**THE PROBLEM**.
Looking at the listing below, retype exactly the lines starting at the one containing "Quintessential Quintuplets Yotsuba" and ending at the one containing "Дом 100м², 2-этажный, участок 7 сот.", both included, and nothing else.

**DATA FOR ANALYSIS**.
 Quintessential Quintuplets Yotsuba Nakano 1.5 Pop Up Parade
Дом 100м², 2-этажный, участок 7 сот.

...

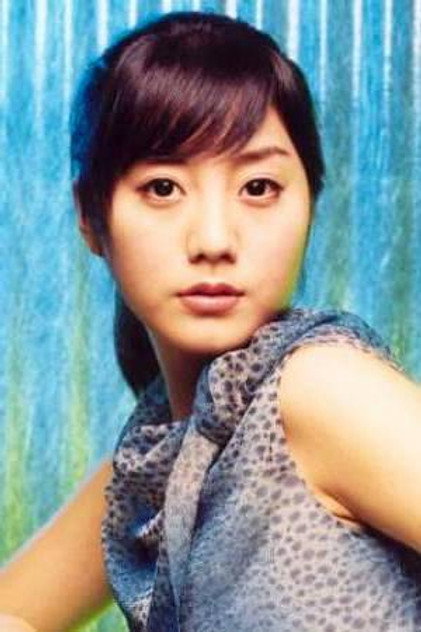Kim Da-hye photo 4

**REPLY TO THE TASK**.
 Quintessential Quintuplets Yotsuba Nakano 1.5 Pop Up Parade
Дом 100м², 2-этажный, участок 7 сот.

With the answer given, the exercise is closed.